> _Exercise objective_: Images excepted, the data below must be repeated exactly.

> _Source material_:
Segment Open

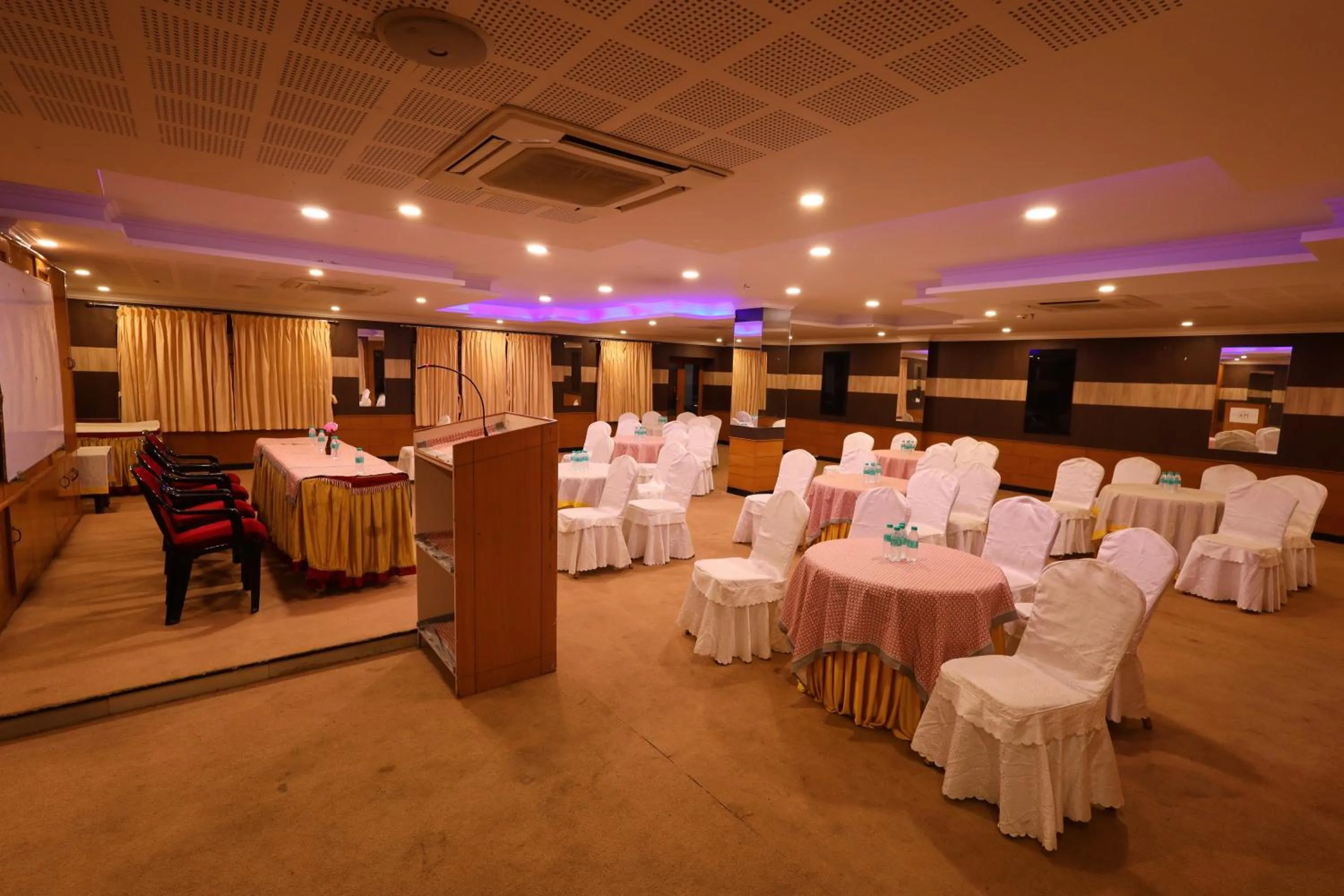 Hotel PVK Grand Dindigul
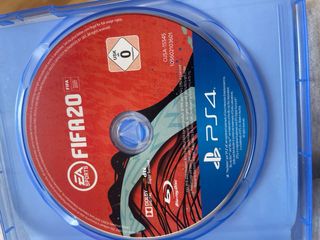 Consola PS4 Negra + 3 Juegos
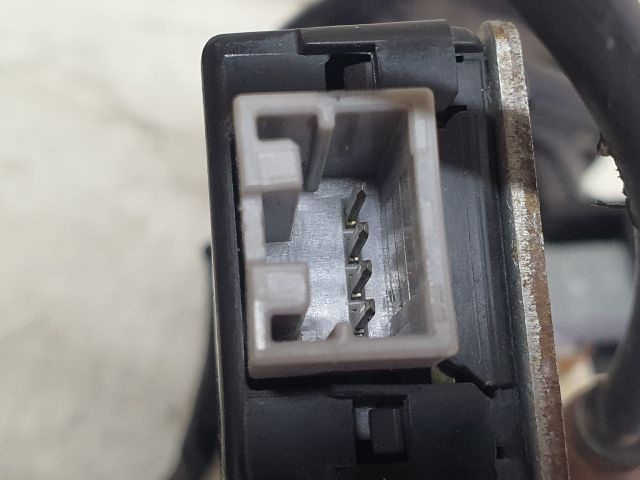 bontott NISSAN TIIDA Gyújtáskapcsoló Házzal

Segment Closed

> _Answer to this problem_:
 Hotel PVK Grand Dindigul
 Consola PS4 Negra + 3 Juegos
 bontott NISSAN TIIDA Gyújtáskapcsoló Házzal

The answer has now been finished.